StaticSQLConf — Static Configuration Properties¶
StaticSQLConf
holds cross-session, immutable and static SQL configuration properties.
assert(sc.isInstanceOf[org.apache.spark.SparkContext])
import org.apache.spark.sql.internal.StaticSQLConf
sc.getConf.get(StaticSQLConf.SPARK_SESSION_EXTENSIONS.key)
StaticSQLConf
configuration properties can only be queried and can never be changed once the first SparkSession
is created (unlike the regular configuration properties).
import org.apache.spark.sql.internal.StaticSQLConf
scala> val metastoreName = spark.conf.get(StaticSQLConf.CATALOG_IMPLEMENTATION.key)
metastoreName: String = hive
scala> spark.conf.set(StaticSQLConf.CATALOG_IMPLEMENTATION.key, "hive")
org.apache.spark.sql.AnalysisException: Cannot modify the value of a static config: spark.sql.catalogImplementation;
at org.apache.spark.sql.RuntimeConfig.requireNonStaticConf(RuntimeConfig.scala:144)

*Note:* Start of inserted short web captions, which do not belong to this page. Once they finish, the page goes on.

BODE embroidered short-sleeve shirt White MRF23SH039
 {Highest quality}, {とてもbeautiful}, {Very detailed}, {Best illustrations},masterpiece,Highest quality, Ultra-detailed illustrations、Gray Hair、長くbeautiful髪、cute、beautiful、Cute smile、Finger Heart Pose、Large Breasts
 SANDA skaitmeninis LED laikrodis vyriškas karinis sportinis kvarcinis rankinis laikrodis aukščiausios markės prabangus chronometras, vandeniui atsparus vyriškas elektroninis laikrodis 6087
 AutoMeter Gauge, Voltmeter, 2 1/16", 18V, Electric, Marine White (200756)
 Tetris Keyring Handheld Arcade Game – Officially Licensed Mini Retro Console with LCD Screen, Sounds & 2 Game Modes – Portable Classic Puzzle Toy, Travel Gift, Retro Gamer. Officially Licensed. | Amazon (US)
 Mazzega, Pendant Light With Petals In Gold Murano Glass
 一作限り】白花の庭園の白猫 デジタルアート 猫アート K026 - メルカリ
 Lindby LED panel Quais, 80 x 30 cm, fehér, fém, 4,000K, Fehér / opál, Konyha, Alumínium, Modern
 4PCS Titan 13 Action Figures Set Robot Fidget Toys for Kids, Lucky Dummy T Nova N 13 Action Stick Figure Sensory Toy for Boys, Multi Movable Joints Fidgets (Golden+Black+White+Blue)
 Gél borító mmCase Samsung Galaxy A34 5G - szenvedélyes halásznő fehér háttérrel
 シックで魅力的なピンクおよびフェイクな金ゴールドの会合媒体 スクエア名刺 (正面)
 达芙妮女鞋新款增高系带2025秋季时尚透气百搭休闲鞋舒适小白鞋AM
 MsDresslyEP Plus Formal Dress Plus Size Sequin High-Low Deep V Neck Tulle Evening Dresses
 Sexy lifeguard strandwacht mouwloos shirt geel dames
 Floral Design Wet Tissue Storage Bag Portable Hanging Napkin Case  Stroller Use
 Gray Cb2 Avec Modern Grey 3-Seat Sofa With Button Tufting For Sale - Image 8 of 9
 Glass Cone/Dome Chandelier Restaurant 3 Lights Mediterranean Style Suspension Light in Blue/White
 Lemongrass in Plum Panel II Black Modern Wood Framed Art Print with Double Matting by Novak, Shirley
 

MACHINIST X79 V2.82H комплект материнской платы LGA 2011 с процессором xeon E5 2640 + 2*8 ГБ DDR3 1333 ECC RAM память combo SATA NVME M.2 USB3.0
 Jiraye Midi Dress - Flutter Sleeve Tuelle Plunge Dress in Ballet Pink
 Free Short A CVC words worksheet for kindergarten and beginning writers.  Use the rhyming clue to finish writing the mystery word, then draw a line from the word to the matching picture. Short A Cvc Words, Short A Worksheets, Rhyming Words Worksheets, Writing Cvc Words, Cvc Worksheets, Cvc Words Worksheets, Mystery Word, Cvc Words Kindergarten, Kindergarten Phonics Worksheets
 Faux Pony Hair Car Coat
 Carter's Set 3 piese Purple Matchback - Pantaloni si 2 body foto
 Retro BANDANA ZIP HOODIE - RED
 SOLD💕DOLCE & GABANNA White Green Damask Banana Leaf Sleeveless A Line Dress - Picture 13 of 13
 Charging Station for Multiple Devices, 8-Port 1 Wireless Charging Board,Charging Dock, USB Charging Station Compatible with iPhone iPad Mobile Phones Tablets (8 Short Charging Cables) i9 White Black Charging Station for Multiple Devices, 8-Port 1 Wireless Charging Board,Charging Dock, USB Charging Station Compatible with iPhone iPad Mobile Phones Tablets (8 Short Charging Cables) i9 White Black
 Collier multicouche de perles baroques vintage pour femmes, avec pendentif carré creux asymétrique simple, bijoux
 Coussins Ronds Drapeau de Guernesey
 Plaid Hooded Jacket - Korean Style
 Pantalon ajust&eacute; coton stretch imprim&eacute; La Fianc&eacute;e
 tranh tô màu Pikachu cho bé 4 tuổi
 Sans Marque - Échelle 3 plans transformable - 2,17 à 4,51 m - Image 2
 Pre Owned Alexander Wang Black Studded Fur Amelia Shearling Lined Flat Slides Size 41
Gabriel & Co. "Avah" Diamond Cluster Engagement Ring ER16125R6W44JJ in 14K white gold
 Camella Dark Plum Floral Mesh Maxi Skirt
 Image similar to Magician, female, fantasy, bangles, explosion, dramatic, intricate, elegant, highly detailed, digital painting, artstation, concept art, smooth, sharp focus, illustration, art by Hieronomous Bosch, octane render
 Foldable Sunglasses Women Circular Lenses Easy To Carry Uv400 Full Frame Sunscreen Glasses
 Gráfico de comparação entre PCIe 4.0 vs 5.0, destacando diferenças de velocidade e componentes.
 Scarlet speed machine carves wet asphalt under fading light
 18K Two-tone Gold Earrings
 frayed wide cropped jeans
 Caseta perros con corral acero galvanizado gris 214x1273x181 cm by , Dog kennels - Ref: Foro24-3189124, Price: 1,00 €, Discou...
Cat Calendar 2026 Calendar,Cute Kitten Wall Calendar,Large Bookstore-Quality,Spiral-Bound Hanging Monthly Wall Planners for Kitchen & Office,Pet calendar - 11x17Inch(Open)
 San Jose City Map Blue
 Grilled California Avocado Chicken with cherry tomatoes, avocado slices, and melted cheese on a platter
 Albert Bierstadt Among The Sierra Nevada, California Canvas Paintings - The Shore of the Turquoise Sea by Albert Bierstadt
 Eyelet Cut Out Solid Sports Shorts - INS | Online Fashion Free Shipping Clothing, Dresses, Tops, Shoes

at org.apache.spark.sql.RuntimeConfig.set(RuntimeConfig.scala:41)
... 50 elided
cache.serializer¶
codegen.cache.maxEntries¶
spark.sql.codegen.cache.maxEntries
(internal) When non-zero, enable caching of generated classes for operators and expressions. All jobs share the cache that can use up to the specified number for generated classes.
Default: 100
Use SQLConf.codegenCacheMaxEntries to access the current value
Used when:
CodeGenerator
is loaded (and creates the cache)
spark.sql.broadcastExchange.maxThreadThreshold¶
(internal) The maximum degree of parallelism to fetch and broadcast the table. If we encounter memory issue like frequently full GC or OOM when broadcast table we can decrease this number in order to reduce memory usage. Notice the number should be carefully chosen since decreasing parallelism might cause longer waiting for other broadcasting. Also, increasing parallelism may cause memory problem.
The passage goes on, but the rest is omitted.